§ Work order: Quote the lines of the data below verbatim, beginning at the line that contains "Embroidered Christmas tablecloths" and ending at the last line, both included, and excluding pictures.

Segment Start: Provided entries

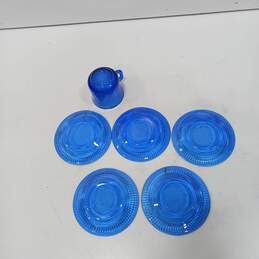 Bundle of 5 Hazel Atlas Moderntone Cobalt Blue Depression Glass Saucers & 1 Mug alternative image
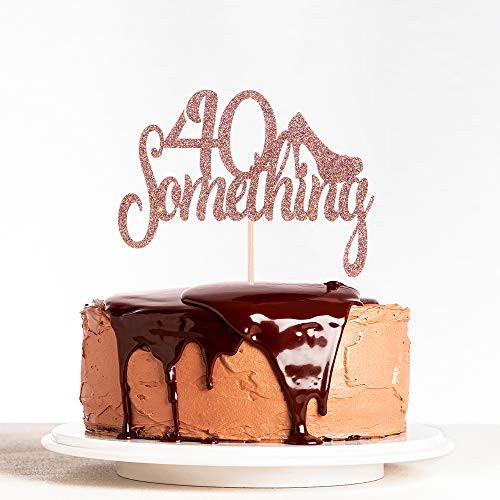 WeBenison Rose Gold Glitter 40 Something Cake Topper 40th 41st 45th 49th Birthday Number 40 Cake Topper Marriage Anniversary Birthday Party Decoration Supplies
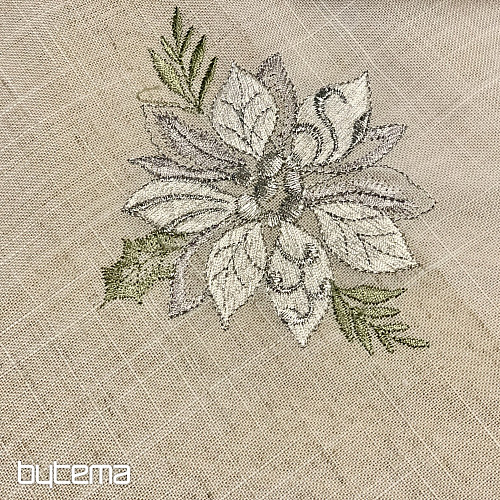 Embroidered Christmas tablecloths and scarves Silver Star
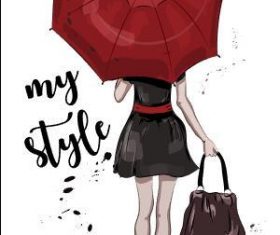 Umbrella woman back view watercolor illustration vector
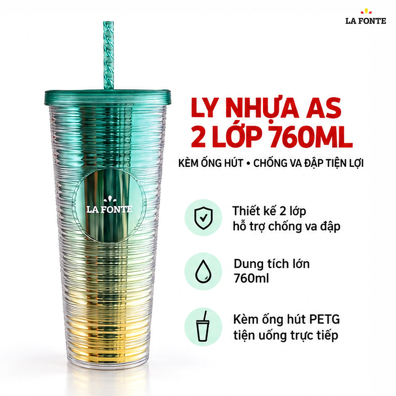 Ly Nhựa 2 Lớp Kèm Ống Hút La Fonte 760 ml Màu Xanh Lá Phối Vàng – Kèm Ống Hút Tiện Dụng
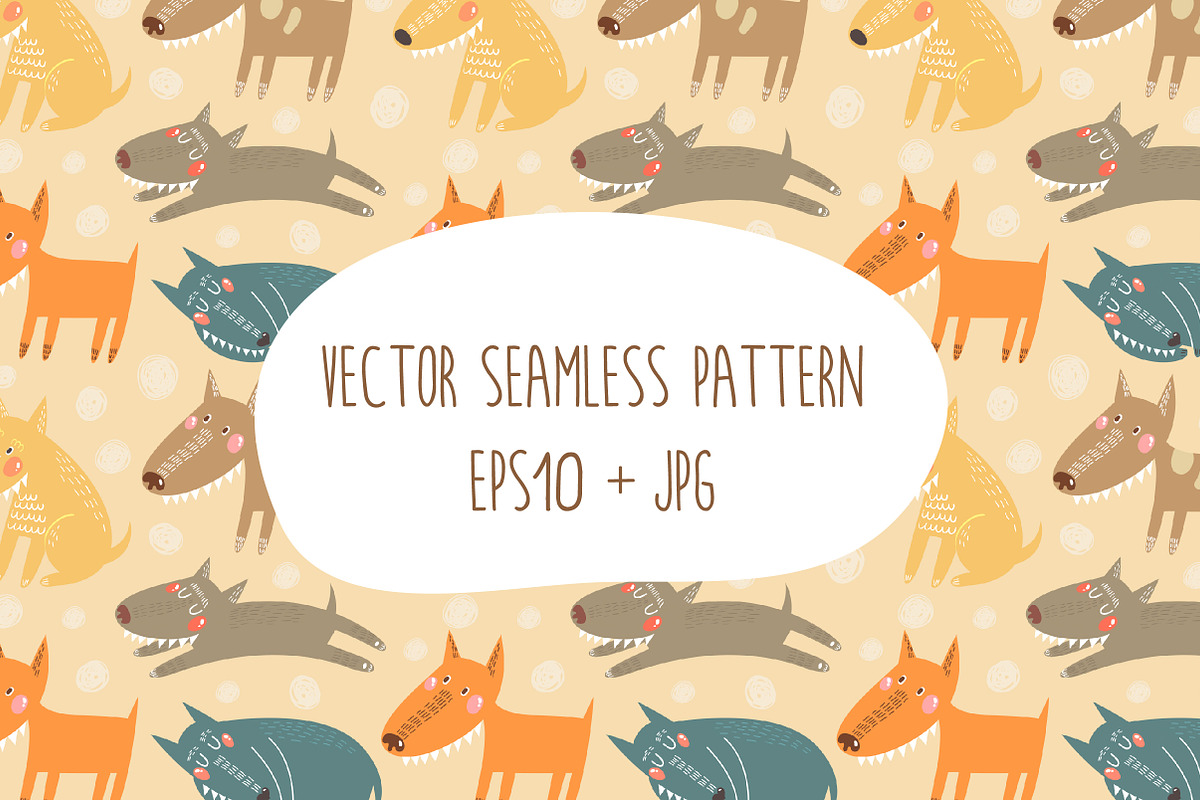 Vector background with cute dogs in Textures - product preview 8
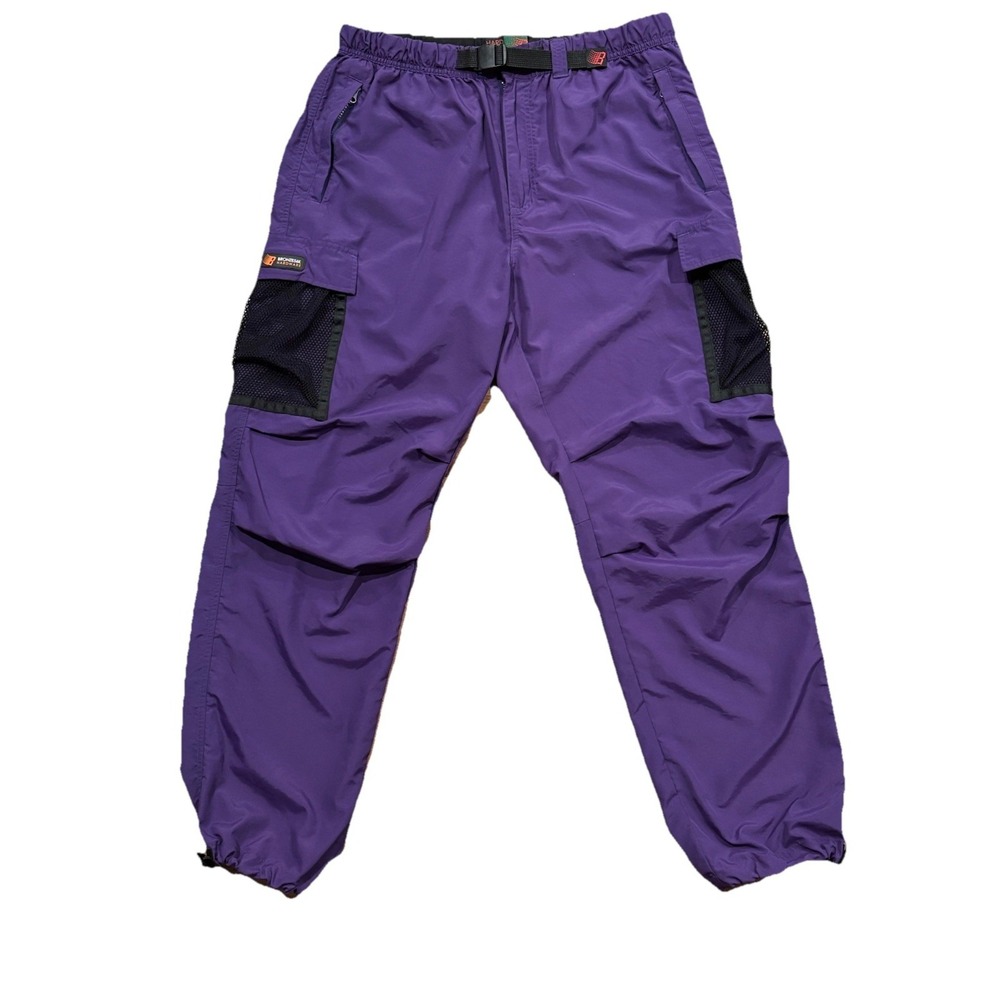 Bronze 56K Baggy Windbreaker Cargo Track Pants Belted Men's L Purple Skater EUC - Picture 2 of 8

Segment End: Provided entries

§ Expected output:
 Embroidered Christmas tablecloths and scarves Silver Star
 Umbrella woman back view watercolor illustration vector
 Ly Nhựa 2 Lớp Kèm Ống Hút La Fonte 760 ml Màu Xanh Lá Phối Vàng – Kèm Ống Hút Tiện Dụng
 Vector background with cute dogs in Textures - product preview 8
 Bronze 56K Baggy Windbreaker Cargo Track Pants Belted Men's L Purple Skater EUC - Picture 2 of 8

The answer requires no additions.